For years, sermons about this parable of the sower have been all about the ground, right? Like, “What kind of soil are you? Don’t be rocky or shallow soil, be good soil so that God’s word takes root in you and produces a bunch of stuff.”
Which is interesting because if the parable were all about the dirt, you’d think that it would be called the Parable of the Soil…

seedsBut if we consider the sower in the Parable of the Sower, we see someone who, honestly, I think is a little extravagant with her seeds. The parable doesn’t tell us that the sower goes out and carefully tills the soil so that when she does plant seed, it has the best possible chance of taking root and growing. No, the sower just goes out and starts throwing seed. Everywhere.
Doesn’t seem to take any special care with where the seeds are landing.

Which I think tells us something really significant about the heart of God. Because if God is the sower in the parable, then God is throwing out seeds—tossing out handfuls of God’s word of love and mercy and peace and compassion—like it’s going out of style.
Friends, the character of God is one of extravagance. Abundant and overflowing and generous measures of unconditional love, unmerited grace, and unrelenting compassion.
And if that’s the character of God, then it’s the character that we who call ourselves disciples and followers of this God are called to show as well.
That we communicate and demonstrate that same extravagant love and grace in the places where we find ourselves, charged with sowing those same seeds in our lives and in the lives of those we encounter.

And remember what I said about parables…that there are many entrances, many exits, and many truths. So our parable this morning isn’t just about the sower, right? I think the Parable of the Sower invites us to ask a lot of different questions.
In addition to the character of the sower, we might also wonder about the type of seed we’re sowing.
What kinds of handfuls of seeds are you throwing out? Is it good seed? Useful? Truthful? Kind?
If the seeds of the sower are the words of God, what words are you sowing?

What about where you’re sowing? Are you waiting for the perfect soil conditions to tell someone your story about how God’s love has impacted your life? Or is your testimony so compelling that, like the extravagant sower, you find yourself sharing handfuls of the ways and places you’ve experienced the life-changing and transformative love of God?

And finally, I do think it’s important to talk about the dirt, about the soil we find ourselves in, but maybe in a little bit different way. I wonder, what kind of soil do you think you are? What kind of soil do you think this place is?

To be completely honest, the question I’ve been wrestling with this week is, “How do you help people see that they really are very good soil?”
So much of our history with this parable is of trying to just be better dirt, to be a more worthy place for the word of God to take root and flourish. And that may be true of some communities.

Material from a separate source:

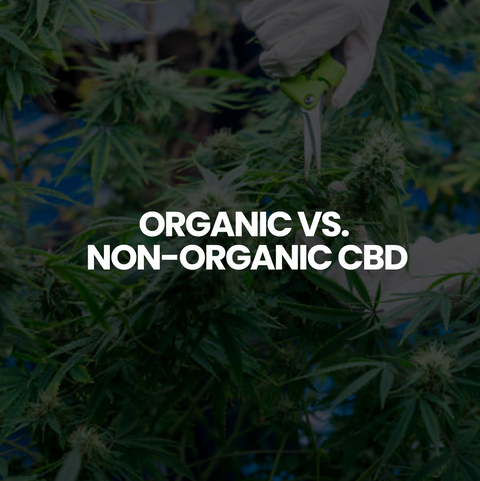 Organic vs. Non-Organic CBD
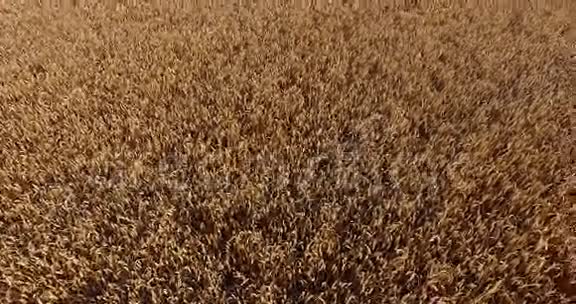 麦田的空中景色视频的预览图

I just don’t think it’s true of us right now at this moment.
Church, you are good soil. New Hope is very good soil.
I hope you can start to truly believe and internalize this.

This morning, we’re rejoicing with Lynnea and Alyssia as they celebrate their First Communion. These little ones are so, so hungry and eager for the love and goodness of Christ given for them in this magnificent meal, and they are so excited to share that with you.
This week we’ll welcome our siblings from El Buen Pastor in El Salvador and we’ll throw open our doors and our arms and shower them with the same warmth and hospitality that they show us every time we visit them.
Last week and in the weeks to come that Community Center over there is filled to the rafters with the shouts and squeals of young people who are learning and laughing and singing about a God who loves them beyond their wildest imaginations.

My goodness…
Keep planting, church. Keep cultivating this soil.
Keep speaking words that are true, kind, and useful.
Keep extravagantly planting the gracious, loving, compassionate words of God.
The fruits that are beginning to show are so, so good and abundant.